Foto: Thomas Hawk (cc)
„Lesen ist Fernsehen im Kopf“, lautete ein dummer Werbeslogan des Buchhandels, der vor etlichen Jahren Stimmung für „das gute Buch“ machen sollte. Dumm, weil er andeutet, dass Fernsehen umgekehrt nicht „im Kopf“ stattfindet, sondern – im Magen? Zwischen den großen Zehen? Fressen, F_cken*, Fernsehen, das sind bekanntlich die drei Fs, mit denen das deutsche Privatfernsehen seit seinen Anfangstagen, aus denen der Slogan datiert, Bildungsbürgern Angst um das kulturelle Erbe des Abendlandes macht.
Die Verortung des Lesens im Kopf, in einer immateriellen Sphäre des Geistes, führt auch schon deswegen in die Irre, weil sie vergessen macht, dass, wer viel liest und vielleicht auch noch schreibt, unglaubliche Mengen von Material anhäuft, Bücher, Magazine, Manuskripte. Spätestens beim Umzug in eine andere Wohnung zeigt sich, dass das, was in der europäischen Geistesgeschichte als bloßes Transportmittel für federleichte Gedanken gilt, tatsächlich eine behäbige Masse von beträchtlichem Gewicht darstellt.
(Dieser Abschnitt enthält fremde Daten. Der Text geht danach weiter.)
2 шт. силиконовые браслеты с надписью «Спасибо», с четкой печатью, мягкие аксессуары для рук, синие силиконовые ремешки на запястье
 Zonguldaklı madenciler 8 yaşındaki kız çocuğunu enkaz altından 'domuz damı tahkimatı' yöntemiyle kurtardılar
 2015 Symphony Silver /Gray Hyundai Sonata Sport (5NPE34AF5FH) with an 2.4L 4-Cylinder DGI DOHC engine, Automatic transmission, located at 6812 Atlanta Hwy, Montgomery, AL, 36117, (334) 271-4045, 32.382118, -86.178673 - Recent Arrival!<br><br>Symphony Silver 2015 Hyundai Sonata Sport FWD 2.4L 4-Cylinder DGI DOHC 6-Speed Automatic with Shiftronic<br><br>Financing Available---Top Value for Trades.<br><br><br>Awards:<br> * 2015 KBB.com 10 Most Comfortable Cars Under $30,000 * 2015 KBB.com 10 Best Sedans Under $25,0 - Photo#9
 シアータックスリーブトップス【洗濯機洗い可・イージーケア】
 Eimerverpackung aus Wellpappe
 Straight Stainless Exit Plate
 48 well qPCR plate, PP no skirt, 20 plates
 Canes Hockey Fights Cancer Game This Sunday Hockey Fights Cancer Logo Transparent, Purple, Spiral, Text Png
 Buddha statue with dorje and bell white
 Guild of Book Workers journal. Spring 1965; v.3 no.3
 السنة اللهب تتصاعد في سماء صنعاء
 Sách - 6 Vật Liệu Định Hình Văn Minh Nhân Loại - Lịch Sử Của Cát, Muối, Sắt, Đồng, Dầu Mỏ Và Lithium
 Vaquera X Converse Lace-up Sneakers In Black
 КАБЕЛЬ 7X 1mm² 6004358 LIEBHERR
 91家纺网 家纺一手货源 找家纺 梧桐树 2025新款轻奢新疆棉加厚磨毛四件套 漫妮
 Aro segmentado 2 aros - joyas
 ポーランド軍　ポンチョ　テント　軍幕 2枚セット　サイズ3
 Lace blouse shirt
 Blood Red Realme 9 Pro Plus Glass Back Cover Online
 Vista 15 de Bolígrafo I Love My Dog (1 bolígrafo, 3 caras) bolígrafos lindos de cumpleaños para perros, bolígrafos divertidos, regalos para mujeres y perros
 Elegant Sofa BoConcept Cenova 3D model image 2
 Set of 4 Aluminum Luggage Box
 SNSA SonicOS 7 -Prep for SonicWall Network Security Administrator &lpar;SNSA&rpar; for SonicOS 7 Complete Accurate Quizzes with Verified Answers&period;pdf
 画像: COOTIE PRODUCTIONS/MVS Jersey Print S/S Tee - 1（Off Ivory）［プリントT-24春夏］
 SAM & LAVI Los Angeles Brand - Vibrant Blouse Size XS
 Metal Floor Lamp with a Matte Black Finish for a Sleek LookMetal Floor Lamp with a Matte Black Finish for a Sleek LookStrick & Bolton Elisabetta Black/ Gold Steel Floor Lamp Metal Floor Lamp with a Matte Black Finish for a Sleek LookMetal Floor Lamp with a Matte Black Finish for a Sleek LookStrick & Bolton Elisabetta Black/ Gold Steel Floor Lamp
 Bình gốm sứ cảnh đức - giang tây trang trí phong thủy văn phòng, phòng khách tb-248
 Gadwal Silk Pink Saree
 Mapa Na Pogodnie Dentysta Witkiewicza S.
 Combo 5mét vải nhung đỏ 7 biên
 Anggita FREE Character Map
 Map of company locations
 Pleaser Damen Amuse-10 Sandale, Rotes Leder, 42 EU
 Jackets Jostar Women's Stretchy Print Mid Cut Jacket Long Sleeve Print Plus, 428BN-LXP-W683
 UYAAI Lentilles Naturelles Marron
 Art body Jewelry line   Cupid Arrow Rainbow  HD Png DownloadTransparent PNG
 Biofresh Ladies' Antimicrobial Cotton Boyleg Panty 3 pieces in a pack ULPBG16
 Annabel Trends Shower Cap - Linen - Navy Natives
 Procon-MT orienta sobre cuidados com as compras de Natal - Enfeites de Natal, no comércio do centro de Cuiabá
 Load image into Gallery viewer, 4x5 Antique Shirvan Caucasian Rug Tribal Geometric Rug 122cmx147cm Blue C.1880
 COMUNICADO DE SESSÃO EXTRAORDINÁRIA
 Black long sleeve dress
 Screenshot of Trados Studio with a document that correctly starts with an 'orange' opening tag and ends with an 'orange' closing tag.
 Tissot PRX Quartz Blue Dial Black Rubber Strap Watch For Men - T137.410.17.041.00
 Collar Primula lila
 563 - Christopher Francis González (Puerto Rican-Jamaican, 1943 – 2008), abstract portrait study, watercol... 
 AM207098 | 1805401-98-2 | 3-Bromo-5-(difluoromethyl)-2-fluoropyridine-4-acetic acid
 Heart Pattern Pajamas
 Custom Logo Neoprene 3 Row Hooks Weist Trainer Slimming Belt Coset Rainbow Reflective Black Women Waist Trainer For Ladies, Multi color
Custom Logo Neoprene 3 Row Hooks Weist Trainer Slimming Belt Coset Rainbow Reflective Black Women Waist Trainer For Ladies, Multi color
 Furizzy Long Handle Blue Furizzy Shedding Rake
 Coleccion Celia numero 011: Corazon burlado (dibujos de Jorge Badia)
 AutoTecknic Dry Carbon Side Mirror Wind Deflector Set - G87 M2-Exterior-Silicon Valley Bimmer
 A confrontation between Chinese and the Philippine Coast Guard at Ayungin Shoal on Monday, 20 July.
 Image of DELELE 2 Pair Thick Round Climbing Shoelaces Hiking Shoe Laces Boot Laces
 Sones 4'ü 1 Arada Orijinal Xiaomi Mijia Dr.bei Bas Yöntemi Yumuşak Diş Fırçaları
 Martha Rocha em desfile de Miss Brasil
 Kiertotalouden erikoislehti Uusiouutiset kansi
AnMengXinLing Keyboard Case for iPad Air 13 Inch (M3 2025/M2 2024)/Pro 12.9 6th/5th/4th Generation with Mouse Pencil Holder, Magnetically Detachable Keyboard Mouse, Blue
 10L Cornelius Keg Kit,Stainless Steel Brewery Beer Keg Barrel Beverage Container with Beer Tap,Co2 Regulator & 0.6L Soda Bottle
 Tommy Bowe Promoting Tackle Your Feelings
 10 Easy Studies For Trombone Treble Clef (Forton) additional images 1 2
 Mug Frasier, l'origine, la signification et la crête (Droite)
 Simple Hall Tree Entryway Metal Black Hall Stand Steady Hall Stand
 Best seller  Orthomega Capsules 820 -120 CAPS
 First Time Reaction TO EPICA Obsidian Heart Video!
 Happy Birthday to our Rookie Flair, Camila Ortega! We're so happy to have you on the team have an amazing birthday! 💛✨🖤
Der Hinweis „Please don’t print this unless you really need to!“ ist mittlerweile eine gängige E-Mail-Signatur. Energie sparen, Papier sparen – die Umwelt freut sich. Klar, man kann Mails auf dem Bildschirm lesen und, wenn nötig, auf der Festplatte speichern. Ähnliches gilt für Artikel, die man im Internet gefunden hat. Leider hat Computer-Hardware die unangenehme Eigenschaft, gelegentlich den Geist aufzugeben oder sonst wie abhandenzukommen. Schade, wenn man seine Daten dann nicht extern gesichert hat. Vor einigen Jahren habe ich deshalb damit begonnen, Sicherheitskopien auf CD-ROMs anzulegen. Doch auch diese werden mit der Zeit hinfällig, der Jahrgang 2004 zeigt bereits eine erschreckende Ausfallquote. Deswegen steht demnächst der Kauf einer externen Festplatte an (die ebenfalls nicht ewig halten wird).
Aber muss man überhaupt Daten für sich speichern? Ist es nicht altmodisch oder gar zwanghaft, Informationen besitzen zu wollen? Ebenso gut kann man Links als Favoriten im Browser bookmarken. Der Imperativ des Web 2.0 heißt überdies „Share!“. Anstatt ein privates Archiv anzulegen, sei es ein Zeichen der Fortschrittlichkeit, Interessantes im freien Fluss der Datenströme durch Social Bookmarks zu adressieren und für andere nutzbar zu machen.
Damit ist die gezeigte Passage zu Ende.